OCTANE (Oncology Clinical Trial Annotation Engine) screen shot.
STRENGTHS, LIMITATIONS, AND FUTURE WORK
Precision oncology is evolving rapidly. To successfully deliver personalized cancer care on a routine basis, an effective and robust informatics infrastructure is required. Existing approaches do not sufficiently address all of the unique characteristics and needs of precision oncology. To partially address this gap, we developed and implemented OCTANE as a general informatics framework for establishing and maintaining a comprehensive database necessary for automating patient-trial matching. Although our main focus is to accommodate precision oncology trials, OCTANE is capable of supporting the annotation of clinical trials that are not genomically informed where data elements related to clinical trials are also considered and can be easily expanded.

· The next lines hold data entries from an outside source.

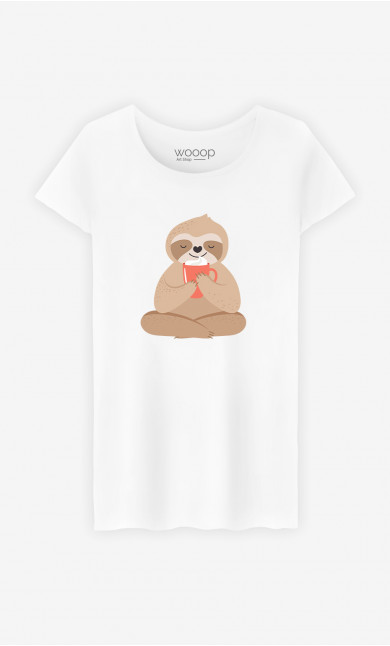 T-shirt Femme Cozy Sloth
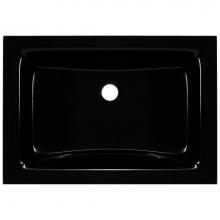 Polaris Sinks PUG3191BL - Undermount Rectangular Glass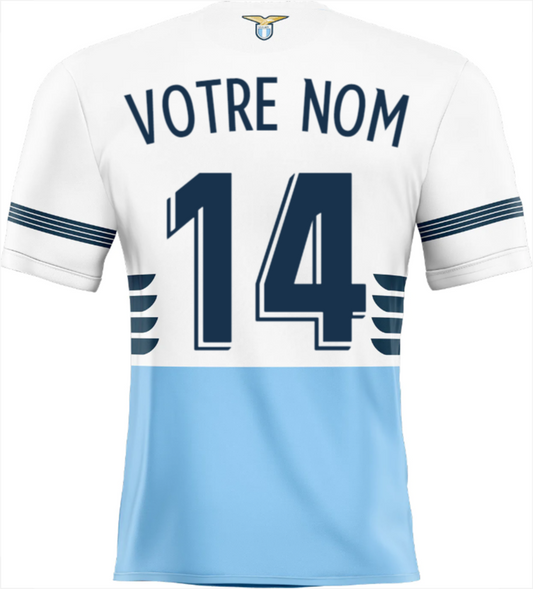 Déco autocollant maillot Lazio 2023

To illustrate how the framework can be implemented, we described a specific instance of OCTANE at our institution. The data aggregation module provides a fully automated pipeline for managing many trial data elements. The annotation module offers strategies to address unique characteristics of precision oncology trials and increase the recall of retrieving trials by identifying implicit trial-gene associations. The update module combines automated change log monitoring with an NLP component to identify changes and alert annotators when manual intervention may be needed. The NLP component has demonstrated merits in terms of performance and utility. The semiautomated process balances timely update with manual effort. We described guidelines or strategies that can be replicated or customized at other institutions. Data and tools including CDEs, disease lexicon, and the update module have been made publically available.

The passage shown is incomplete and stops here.